LOS ANGELES -- A federal court Tuesday rebuffed the U.S. Department of Energy's attempt to establish national interest corridors for new high-voltage electric transmission lines that would cover 100 million acres in 10 states, including Utah.

The three-judge panel from the 9th U.S. Circuit Court of Appeals ruled 2 to 1 that the energy agency failed to adequately consult affected states or conduct federally mandated environmental reviews identifying vast swaths of land as suitable for fast-track treatment of applications to construct transmission facilities to supply areas of inadequate capacity. The agency's report focused on the Mid-Atlantic states and a chunk of the Southwest that includes parts of Arizona and much of Southern California.

Environmental groups hailed the decision as a victory for the effectiveness of national environmental laws and as a warning against pell-mell development of sensitive public lands, even in the guise of national interest.

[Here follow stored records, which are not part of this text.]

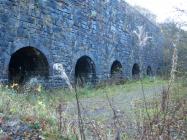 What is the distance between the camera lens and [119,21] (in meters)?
15.9

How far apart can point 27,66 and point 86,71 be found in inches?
127

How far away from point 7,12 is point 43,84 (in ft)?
7.74

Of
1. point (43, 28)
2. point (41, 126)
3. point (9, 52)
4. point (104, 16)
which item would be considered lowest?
point (41, 126)

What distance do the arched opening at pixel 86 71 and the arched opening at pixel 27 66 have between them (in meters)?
2.89

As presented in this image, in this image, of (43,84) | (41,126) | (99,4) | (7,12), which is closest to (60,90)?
(43,84)

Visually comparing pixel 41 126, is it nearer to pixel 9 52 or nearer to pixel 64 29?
pixel 9 52

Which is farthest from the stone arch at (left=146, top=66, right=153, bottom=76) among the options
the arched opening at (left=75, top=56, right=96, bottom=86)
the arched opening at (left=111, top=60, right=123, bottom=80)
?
the arched opening at (left=75, top=56, right=96, bottom=86)

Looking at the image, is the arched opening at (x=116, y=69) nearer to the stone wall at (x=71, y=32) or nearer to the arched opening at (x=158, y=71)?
the stone wall at (x=71, y=32)

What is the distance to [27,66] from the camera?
431 inches

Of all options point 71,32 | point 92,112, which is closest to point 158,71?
point 71,32

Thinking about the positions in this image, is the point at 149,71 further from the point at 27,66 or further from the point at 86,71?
the point at 27,66

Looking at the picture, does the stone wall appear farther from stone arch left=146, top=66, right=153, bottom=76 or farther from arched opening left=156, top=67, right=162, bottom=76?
arched opening left=156, top=67, right=162, bottom=76

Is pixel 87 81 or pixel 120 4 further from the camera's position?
pixel 120 4

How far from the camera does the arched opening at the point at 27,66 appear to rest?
1044cm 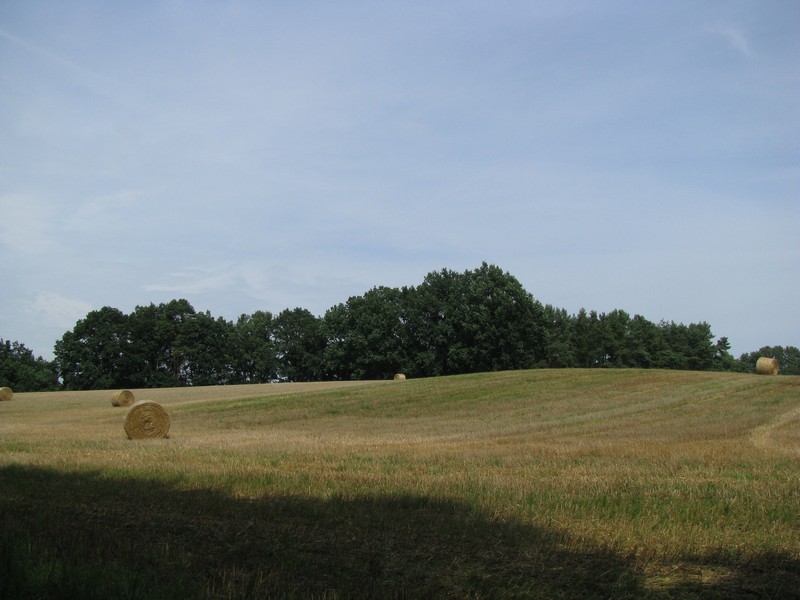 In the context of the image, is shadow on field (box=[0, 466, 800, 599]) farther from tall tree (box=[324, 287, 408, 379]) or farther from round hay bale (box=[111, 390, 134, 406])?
tall tree (box=[324, 287, 408, 379])

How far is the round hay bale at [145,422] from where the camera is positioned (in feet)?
70.4

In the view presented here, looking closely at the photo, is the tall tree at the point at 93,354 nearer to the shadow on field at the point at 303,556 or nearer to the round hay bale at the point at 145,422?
the round hay bale at the point at 145,422

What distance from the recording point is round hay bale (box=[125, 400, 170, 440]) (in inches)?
845

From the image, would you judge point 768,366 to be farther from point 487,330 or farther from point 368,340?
point 368,340

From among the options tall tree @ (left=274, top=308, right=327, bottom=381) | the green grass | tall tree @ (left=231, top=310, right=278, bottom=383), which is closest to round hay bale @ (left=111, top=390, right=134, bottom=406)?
the green grass

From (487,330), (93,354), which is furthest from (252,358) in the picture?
(487,330)

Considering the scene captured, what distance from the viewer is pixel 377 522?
24.8 ft

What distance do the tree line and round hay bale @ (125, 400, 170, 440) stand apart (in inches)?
2479

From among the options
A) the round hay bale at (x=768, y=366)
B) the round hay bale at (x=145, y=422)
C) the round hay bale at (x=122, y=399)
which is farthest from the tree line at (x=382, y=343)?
the round hay bale at (x=145, y=422)

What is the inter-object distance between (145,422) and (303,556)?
57.2 ft

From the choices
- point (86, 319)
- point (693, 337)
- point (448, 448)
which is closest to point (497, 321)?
point (693, 337)

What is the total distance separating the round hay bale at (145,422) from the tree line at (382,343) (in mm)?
62961

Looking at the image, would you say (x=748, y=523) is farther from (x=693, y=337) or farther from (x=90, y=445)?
(x=693, y=337)

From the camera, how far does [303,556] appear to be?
6.12 metres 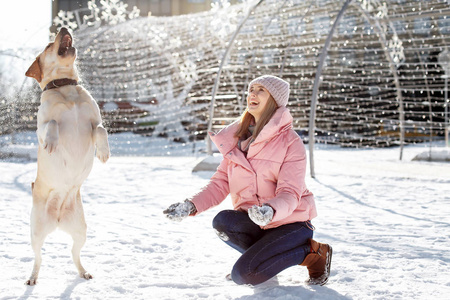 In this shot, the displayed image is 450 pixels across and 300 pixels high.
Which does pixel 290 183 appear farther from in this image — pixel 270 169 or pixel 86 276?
pixel 86 276

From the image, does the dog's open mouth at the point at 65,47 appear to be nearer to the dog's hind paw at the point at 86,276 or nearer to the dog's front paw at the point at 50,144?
the dog's front paw at the point at 50,144

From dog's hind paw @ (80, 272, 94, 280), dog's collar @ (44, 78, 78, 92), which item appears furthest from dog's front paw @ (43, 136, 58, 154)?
dog's hind paw @ (80, 272, 94, 280)

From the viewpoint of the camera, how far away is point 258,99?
7.43ft

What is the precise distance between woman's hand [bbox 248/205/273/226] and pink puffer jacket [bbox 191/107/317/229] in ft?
0.71

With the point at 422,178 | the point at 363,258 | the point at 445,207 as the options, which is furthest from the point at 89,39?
the point at 363,258

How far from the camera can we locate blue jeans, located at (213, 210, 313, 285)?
2031 millimetres

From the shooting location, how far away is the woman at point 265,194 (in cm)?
206

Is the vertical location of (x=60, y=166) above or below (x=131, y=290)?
above

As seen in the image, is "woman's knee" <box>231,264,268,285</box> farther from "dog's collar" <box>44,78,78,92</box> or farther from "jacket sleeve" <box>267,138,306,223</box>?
"dog's collar" <box>44,78,78,92</box>

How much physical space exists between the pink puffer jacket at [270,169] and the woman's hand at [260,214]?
218 millimetres

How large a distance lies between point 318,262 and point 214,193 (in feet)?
1.90

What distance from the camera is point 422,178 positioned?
609 cm

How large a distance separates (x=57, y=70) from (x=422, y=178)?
512 cm

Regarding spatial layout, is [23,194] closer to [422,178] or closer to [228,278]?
[228,278] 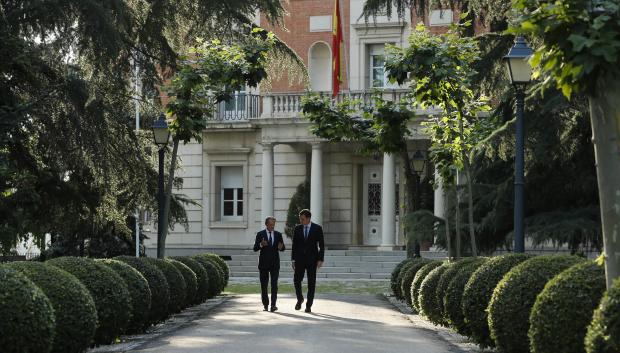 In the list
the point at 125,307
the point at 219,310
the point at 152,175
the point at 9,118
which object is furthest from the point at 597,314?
the point at 152,175

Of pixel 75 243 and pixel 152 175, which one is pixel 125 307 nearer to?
pixel 152 175

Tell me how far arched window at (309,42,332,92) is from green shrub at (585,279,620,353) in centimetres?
3669

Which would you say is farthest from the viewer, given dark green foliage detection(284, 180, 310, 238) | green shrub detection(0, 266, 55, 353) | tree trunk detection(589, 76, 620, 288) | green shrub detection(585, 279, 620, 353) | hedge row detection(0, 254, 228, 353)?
dark green foliage detection(284, 180, 310, 238)

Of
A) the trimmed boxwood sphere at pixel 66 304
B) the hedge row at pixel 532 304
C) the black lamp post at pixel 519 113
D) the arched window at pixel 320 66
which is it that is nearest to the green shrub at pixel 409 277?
the hedge row at pixel 532 304

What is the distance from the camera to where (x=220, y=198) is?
45656mm

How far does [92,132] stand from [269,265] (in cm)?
420

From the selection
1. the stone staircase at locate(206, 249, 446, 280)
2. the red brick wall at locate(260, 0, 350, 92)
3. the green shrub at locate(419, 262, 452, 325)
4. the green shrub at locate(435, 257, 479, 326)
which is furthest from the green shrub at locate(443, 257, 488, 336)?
the red brick wall at locate(260, 0, 350, 92)

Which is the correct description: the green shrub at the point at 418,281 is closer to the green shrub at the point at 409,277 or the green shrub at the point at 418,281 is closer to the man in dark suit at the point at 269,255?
the green shrub at the point at 409,277

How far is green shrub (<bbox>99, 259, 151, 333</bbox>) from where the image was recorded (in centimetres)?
1412

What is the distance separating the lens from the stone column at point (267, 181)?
4216cm

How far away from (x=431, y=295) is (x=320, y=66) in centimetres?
2796

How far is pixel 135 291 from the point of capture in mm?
14148

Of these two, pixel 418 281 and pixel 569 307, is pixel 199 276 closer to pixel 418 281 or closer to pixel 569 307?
pixel 418 281

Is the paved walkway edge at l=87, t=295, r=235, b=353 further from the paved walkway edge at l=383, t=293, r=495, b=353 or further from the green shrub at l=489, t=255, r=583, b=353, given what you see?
the green shrub at l=489, t=255, r=583, b=353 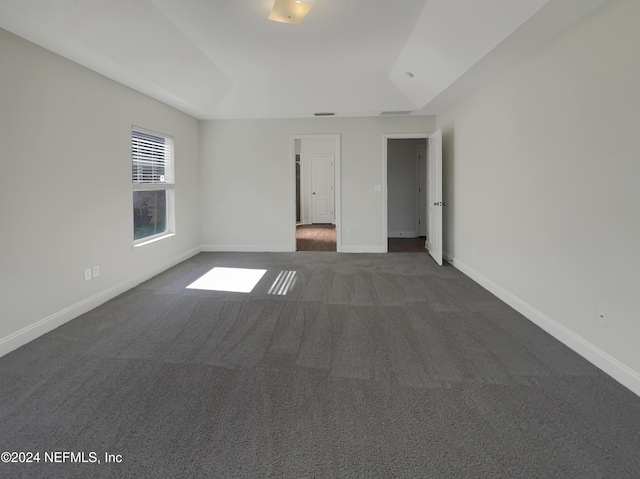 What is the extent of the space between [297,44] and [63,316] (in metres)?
3.56

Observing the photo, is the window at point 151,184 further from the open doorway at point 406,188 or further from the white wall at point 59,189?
the open doorway at point 406,188

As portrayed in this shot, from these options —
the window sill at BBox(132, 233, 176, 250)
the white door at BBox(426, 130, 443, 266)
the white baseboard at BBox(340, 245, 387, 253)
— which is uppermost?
the white door at BBox(426, 130, 443, 266)

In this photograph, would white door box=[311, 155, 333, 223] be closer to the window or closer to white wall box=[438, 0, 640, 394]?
the window

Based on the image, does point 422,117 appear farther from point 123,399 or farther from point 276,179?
point 123,399

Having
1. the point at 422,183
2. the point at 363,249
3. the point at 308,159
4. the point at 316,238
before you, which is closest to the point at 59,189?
the point at 363,249

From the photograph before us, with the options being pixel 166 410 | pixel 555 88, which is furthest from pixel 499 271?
pixel 166 410

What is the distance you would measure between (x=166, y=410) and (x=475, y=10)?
3450mm

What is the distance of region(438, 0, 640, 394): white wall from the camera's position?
208cm

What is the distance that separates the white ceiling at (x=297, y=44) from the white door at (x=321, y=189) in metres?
5.20

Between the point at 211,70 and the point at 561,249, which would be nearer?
the point at 561,249

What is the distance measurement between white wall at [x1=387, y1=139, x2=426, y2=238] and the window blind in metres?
4.75

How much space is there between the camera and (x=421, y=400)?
6.33ft

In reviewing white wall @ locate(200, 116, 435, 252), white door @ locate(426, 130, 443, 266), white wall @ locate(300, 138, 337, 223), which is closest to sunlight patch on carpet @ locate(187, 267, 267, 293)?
white wall @ locate(200, 116, 435, 252)

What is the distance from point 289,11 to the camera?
302cm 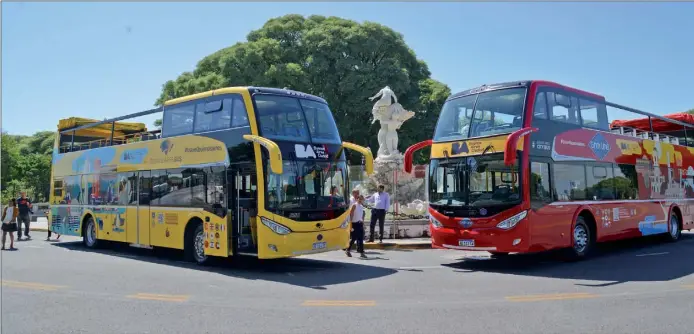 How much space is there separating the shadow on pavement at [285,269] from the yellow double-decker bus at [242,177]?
18.5 inches

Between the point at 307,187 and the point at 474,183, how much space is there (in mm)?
3626

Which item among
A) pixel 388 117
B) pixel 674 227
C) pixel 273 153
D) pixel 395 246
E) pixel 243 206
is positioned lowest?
pixel 395 246

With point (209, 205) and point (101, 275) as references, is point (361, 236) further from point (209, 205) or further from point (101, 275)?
point (101, 275)

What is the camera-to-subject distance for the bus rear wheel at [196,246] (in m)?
12.3

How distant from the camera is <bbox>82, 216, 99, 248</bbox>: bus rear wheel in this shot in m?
16.8

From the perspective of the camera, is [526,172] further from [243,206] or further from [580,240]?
[243,206]

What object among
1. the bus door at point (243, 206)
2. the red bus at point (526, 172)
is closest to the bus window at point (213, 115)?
the bus door at point (243, 206)

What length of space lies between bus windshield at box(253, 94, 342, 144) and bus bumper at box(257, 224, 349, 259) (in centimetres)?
198

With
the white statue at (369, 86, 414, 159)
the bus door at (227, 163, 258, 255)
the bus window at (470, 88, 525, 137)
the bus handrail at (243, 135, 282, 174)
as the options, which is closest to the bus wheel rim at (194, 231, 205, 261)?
the bus door at (227, 163, 258, 255)

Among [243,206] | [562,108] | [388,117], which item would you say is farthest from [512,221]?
[388,117]

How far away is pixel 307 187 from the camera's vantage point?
36.5 ft

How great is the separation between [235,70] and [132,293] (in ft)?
91.5

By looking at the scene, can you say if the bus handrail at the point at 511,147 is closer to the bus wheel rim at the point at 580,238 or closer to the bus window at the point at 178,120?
the bus wheel rim at the point at 580,238

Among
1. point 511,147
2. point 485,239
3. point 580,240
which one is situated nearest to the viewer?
point 511,147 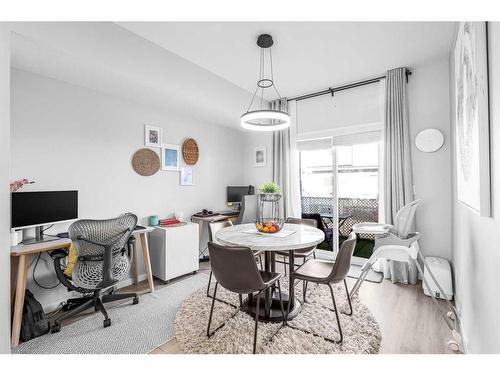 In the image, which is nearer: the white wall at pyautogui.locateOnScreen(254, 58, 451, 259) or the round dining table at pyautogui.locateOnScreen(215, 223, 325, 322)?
the round dining table at pyautogui.locateOnScreen(215, 223, 325, 322)

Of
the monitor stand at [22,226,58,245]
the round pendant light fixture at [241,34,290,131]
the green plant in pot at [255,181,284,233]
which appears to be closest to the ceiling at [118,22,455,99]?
the round pendant light fixture at [241,34,290,131]

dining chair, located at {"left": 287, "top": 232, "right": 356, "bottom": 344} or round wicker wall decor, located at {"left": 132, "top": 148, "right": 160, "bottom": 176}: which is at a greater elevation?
round wicker wall decor, located at {"left": 132, "top": 148, "right": 160, "bottom": 176}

"We feel fantastic; it's a huge victory," said Anjali Jaiswal, an attorney with the Natural Resources Defense Council who argued the case before the 9th Circuit last summer. "The court sent a signal to DOE to change their approach, to find an approach that balances our ... energy needs, but in an environmentally safe way."

The ruling could be a blow for area utilities such as the Los Angeles Department of Water and Power, Southern California Edison Co. and San Diego Gas & Electric Co., all of which have faced opposition to transmission lines that would extend hundreds of miles through numerous communities. The companies are under pressure to meet state guidelines to generate more of their electricity from renewable sources such as wind, solar and geothermal energy. The proposed transmission lines would handle the increased renewable power that is expected to come onto the grid.

The court directed the department to start its so-called congestion study again.

"This is another setback, without question another blow, at a time when we still are trying to build much needed new transmission," said Jim Owen, director of media relations at the Edison Electric Institute in Washington, a utility trade group.

"We do know that utilities in California, along with more than 30 other states, are under mandates to provide a certain percentage of renewable energy to customers," Owen said. "Additional transmission capacity is going to be needed to make that happen."

The court was not persuaded by the Department of Energy's argument that its decision would not result in environmental impacts because it merely identified broad corridors and did not issue permits to license specific routes.

Judge Consuelo M. Callahan, writing for the majority, found " ... precedents hold that an agency cannot merely assert that its decision will have an insignificant effect on the environment, but must adequately explain its decision."

"It's absurd to conclude there is no harm when the federal government failed to conduct any studies to determine that," said Stephan Volker, an Oakland, Calif.-based attorney who represented citizens groups in the Mojave Desert that intervened in the case.

In her dissent, Judge Sandra S. Ikuta called the case "a tale of two errors." Ikuta agreed that the Department of Energy didn't fully try to consult with the states, but argued that sending the entire study back to the agency for a top-to-bottom revision would only compound the error.

The proposed corridor would have included a wide swath across the California desert, through Death Valley and Joshua Tree national parks as well as the Mojave National Preserve, several military bases, Anza-Borrego Desert State Park and seven national forests.

Tuesday's ruling also chided the agency for failing to follow Congress' direction to consult with states before preparing its analysis of areas with critical energy demands. The court found that the DOE's power to identify utility corridors took power away from states and, among other things, would allow the federal government the right to condemn property through eminent domain.

Donna Charpeid, who lives near Joshua Tree and is a party to the lawsuit, said the ruling was a victory, in part because so few people seem to think the desert needs defending.

"I don't know why the masses in urban areas seem to think the desert is a wasteland and a sink," she said. "I wish sometimes we could get a polar bear out here and get some attention to this place. How can people say there's nothing worth saving?"